Construction of the Alexandrin
The Alexandrian is a Jambian alternating six-bar reimber. This means that it begins inactively (unaccented syllable), followed by six lifts, each with a reduction. The sending, that is, the cadence, can be both female (unstressed) and male (emphasized). Accordingly, the Alexandrian can be formed from either 12 or 13 syllables.

The central point of the Alexandrian verse is a caesura (incision, speech pause), which consequently takes place according to six syllables, that is, three elevations. This caesura means not only an incision, but can also be the result of an antithetical or parallel arrangement. Let’s look at an example.

YOU sHST / where you sihst vanity on earth.
What this bawt today / travels this morning:
Where there are towns and cities will be a meadows
The boy will be spied.
The above example is a stanza from the sonnet It is all vain by Andreas Gryphius, which he wrote in 1637, and a typical example for the Alexandrian. Let us go through the whole step by step and once describe the respective characteristics of the Alexandrin one by one.

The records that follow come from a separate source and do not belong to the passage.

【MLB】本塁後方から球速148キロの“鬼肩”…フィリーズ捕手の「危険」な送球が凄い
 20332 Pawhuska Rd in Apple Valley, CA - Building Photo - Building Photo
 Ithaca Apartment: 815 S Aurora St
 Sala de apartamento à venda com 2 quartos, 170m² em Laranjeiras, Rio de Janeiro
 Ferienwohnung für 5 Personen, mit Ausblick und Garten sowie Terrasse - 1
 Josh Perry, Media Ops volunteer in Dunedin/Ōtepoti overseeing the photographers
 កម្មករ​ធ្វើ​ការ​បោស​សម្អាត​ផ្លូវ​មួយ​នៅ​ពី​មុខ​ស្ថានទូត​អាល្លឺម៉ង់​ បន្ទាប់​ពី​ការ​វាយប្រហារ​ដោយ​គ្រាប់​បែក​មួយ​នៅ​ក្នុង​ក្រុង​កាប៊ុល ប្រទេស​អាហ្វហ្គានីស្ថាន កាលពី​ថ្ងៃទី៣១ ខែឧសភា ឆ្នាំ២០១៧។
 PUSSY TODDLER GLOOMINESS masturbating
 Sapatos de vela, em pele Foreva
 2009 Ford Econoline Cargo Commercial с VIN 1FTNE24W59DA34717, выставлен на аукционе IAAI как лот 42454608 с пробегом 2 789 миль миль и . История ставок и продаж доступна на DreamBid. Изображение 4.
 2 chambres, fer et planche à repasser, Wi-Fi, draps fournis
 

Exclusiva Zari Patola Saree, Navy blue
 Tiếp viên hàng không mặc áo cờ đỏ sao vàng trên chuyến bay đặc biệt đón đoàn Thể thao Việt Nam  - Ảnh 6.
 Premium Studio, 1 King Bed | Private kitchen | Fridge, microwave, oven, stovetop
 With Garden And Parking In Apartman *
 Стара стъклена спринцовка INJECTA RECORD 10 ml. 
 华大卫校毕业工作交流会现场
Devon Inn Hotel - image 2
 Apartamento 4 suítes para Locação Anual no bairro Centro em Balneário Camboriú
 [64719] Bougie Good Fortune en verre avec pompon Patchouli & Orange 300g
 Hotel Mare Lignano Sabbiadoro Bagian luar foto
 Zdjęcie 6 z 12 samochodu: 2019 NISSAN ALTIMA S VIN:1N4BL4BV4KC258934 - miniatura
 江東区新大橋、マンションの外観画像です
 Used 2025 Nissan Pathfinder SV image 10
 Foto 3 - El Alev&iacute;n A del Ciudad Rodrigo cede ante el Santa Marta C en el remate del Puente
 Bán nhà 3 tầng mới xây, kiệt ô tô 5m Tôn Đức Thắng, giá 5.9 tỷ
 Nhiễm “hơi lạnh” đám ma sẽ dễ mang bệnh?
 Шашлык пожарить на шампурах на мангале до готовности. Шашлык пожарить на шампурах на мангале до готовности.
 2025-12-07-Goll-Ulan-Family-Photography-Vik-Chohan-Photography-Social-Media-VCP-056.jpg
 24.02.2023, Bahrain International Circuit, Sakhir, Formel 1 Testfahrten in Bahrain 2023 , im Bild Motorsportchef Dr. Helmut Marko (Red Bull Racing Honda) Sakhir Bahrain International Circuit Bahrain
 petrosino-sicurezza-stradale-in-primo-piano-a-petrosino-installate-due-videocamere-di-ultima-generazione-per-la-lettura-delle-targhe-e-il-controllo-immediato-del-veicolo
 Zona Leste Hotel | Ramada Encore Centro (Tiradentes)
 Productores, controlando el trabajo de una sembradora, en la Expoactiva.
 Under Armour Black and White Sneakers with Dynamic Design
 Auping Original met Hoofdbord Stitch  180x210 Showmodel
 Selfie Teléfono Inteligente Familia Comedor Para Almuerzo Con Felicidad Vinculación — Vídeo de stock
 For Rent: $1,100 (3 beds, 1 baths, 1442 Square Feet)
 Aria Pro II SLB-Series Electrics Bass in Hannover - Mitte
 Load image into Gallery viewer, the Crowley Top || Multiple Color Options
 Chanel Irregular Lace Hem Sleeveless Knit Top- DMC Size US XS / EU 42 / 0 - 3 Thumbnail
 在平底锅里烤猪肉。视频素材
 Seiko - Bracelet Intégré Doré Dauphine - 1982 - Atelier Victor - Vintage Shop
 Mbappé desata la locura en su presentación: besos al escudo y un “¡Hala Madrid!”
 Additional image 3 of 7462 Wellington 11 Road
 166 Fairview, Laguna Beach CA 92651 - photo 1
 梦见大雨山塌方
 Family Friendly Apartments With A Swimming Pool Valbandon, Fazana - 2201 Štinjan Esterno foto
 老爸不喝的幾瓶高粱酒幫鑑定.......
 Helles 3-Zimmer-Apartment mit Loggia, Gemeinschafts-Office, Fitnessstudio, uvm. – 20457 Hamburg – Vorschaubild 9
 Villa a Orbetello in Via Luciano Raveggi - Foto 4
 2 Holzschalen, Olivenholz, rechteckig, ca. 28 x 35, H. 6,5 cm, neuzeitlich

For the time being, we can conclude that the defining verses of the text are the Yambus. This means that an unaccented and a stressed syllable alternate in the lines of the verse. They are commonly called alternating. The work is therefore alternating in the form of an iambic, which can be shown in color in order to make it more clearly recognizable (unaccented syllable, emphasized syllable).

YOU sHST / where you sihst vanity on earth.
What this bawt today / travels this morning:
Where there are towns and cities will be a meadows
The boy will be spied.
It is clear that the accented and unstressed syllables alternate (alternating) in the Alexandrian. Furthermore, we can see that each line of verse has exactly six heights, and the first and fourth, and the second, and the third line rhyme (ground and ground, in and out). We have pointed out that we are dealing with a jambic alternating six-barred verse, all of which are quite distinct features of an Alexandrian verse.

If we now consider the sending of the individual lines, it becomes clear that they are differently emphasized. The first and fourth line end on a female cadence (unstressed), the second and third on a male (emphasized). Since a yambus always consists of two syllables (unstressed, stressed), the first and last line must have a syllable longer than the ones which have ended, since they end unstressed.

The first and fourth verses are thus composed of 13 syllables, while the second and third verses have only twelve syllables. For the Alexandrian, however, it is important that the verse consist of a maximum of 13 syllables, is alternatively iambic, and consequently has a maximum of six lifts, which is why the cadence can change completely (→ cadence).